**ACTIVITY:** Retype the lines below exactly, but only those from the line that has "Bagels and coffee" through the line that has "Dapat Dua Penghargaan". Omit every picture.

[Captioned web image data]
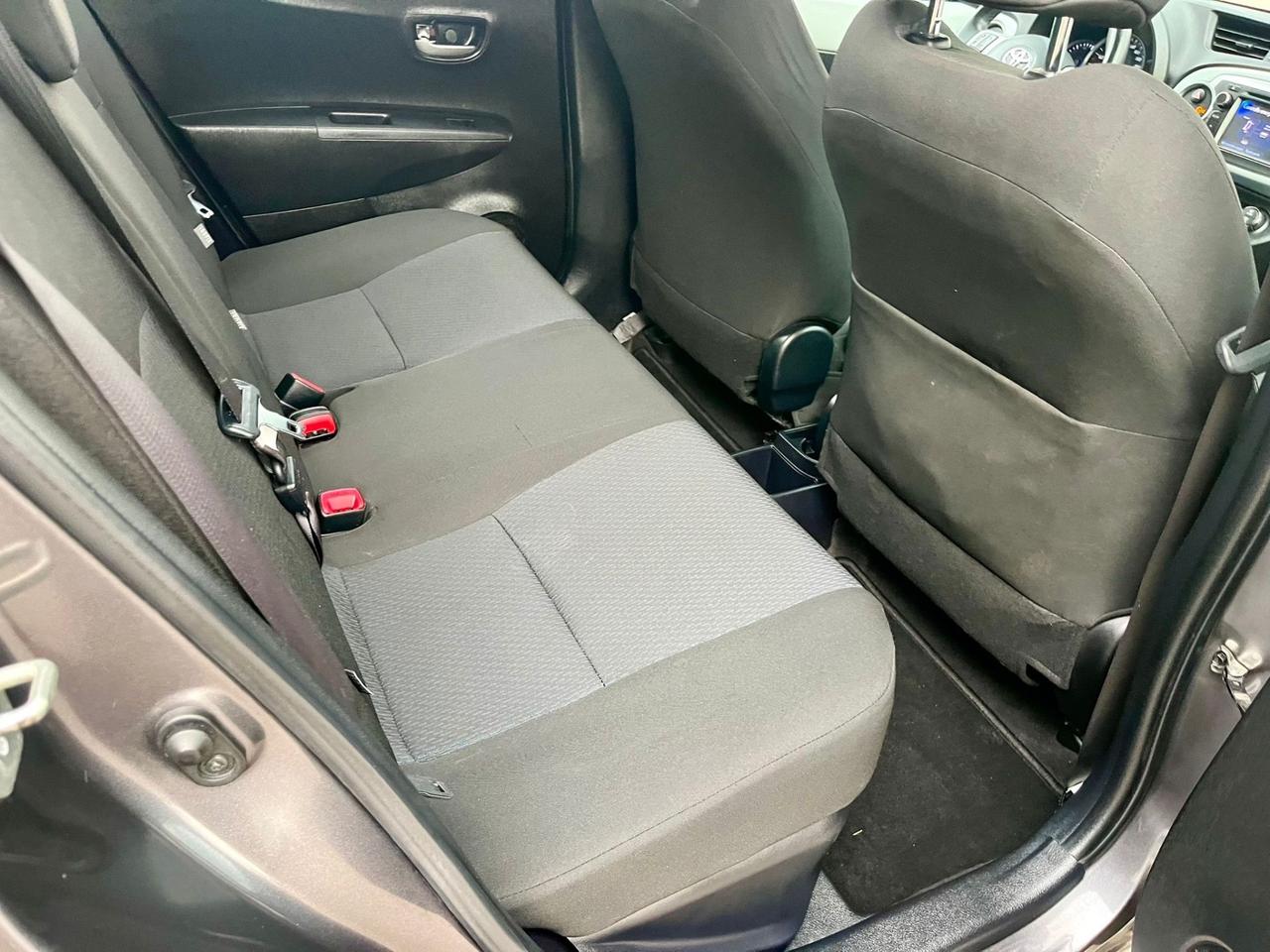 Toyota Yaris 1.5 Hybrid 2014 131.000km perfetta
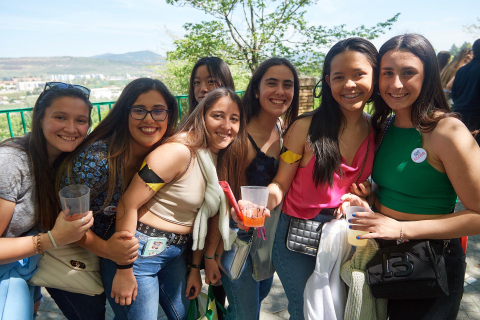 Miles de jóvenes disfrutan de un día soleado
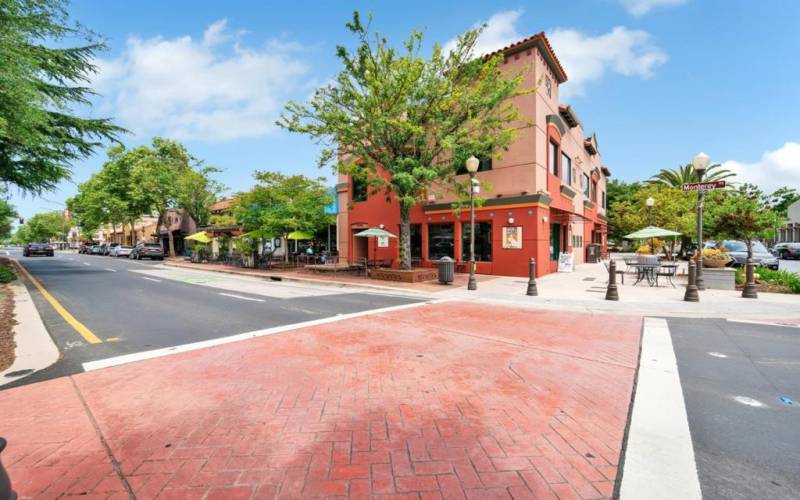 Bagels and coffee shops abound in the walking district of Monterey Rd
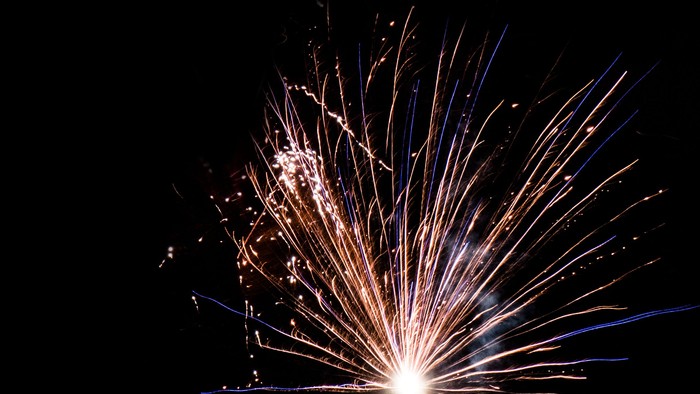 Fyrværkeri i mørket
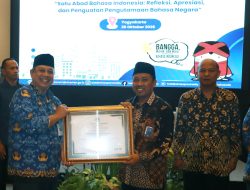 Dapat Dua Penghargaan Dari Balai Bahasa Provinsi DIY, Kamenag Sleman Kami Berkomitmen Menghadirkan Pelayanan yang Profesional
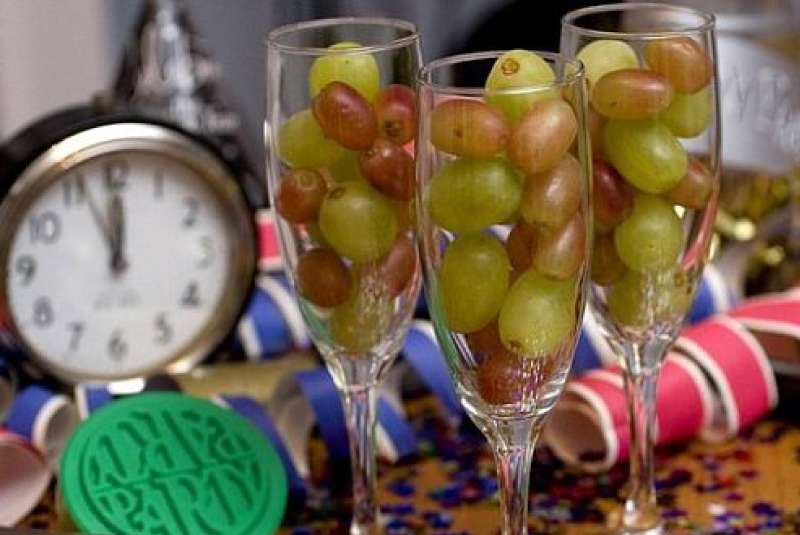 Good Luck 12 Grapes on New Year's Eve in Mexico - Casabayvillas.com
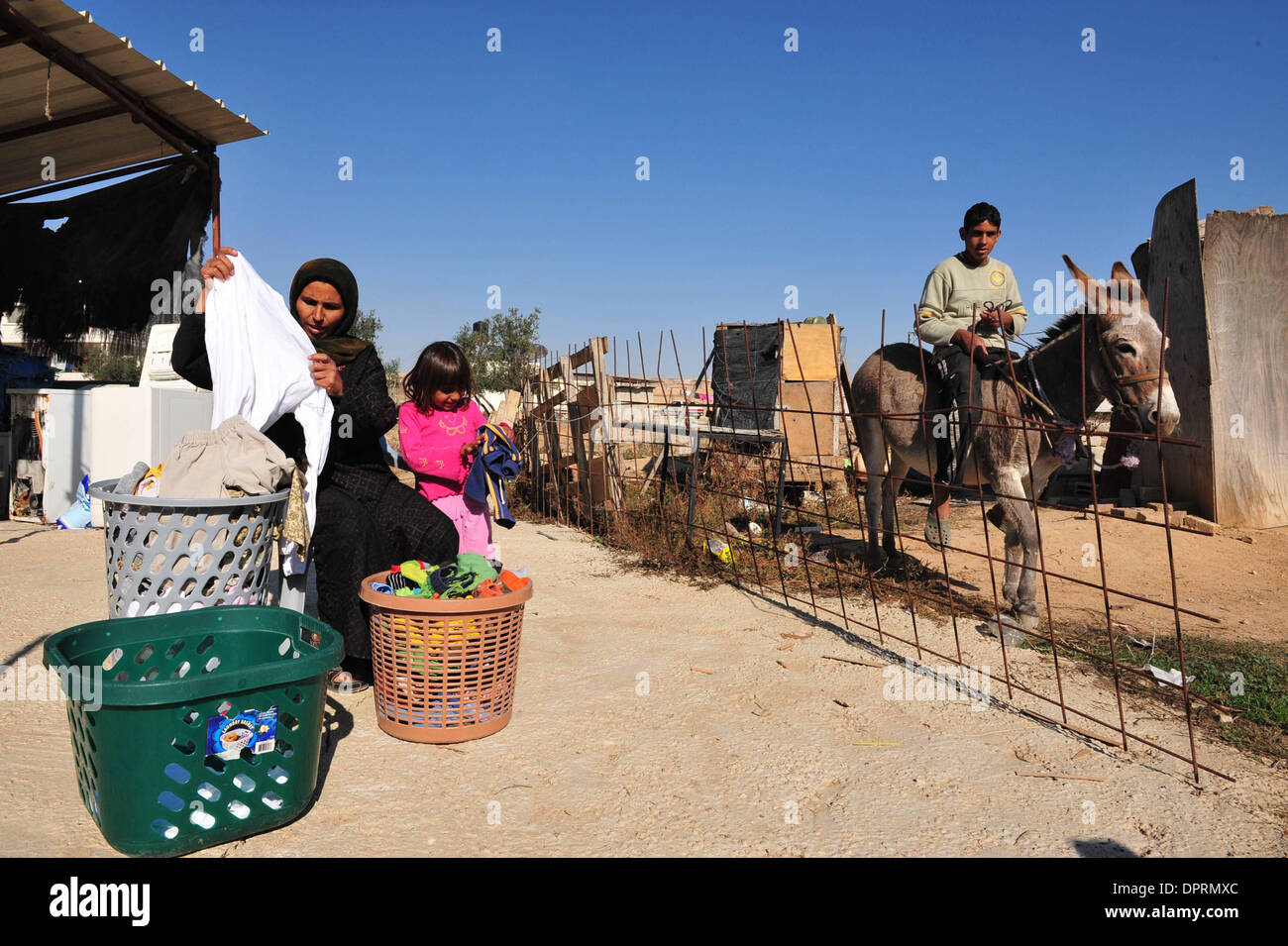 Nov 25, 2008 - Rahat, Israël - de faire sécher les vêtements après lavage. En Israël, des dizaines de milliers de Bédouins arabes craignent que le gouvernement israélien veut s'approprier des terres qu'ils disent leur appartient et de mettre fin à leur mode de vie nomade traditionnel. Les Bédouins arabes israéliens sont 160 000 citoyens israéliens, qui vivent dans ce qu'on appelle des "villages non reconnus" qui n'apparaissent pas sur les cartes et don Banque D'Images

**SOLUTION FOR THIS PROBLEM:**
 Bagels and coffee shops abound in the walking district of Monterey Rd
 Fyrværkeri i mørket
 Dapat Dua Penghargaan Dari Balai Bahasa Provinsi DIY, Kamenag Sleman Kami Berkomitmen Menghadirkan Pelayanan yang Profesional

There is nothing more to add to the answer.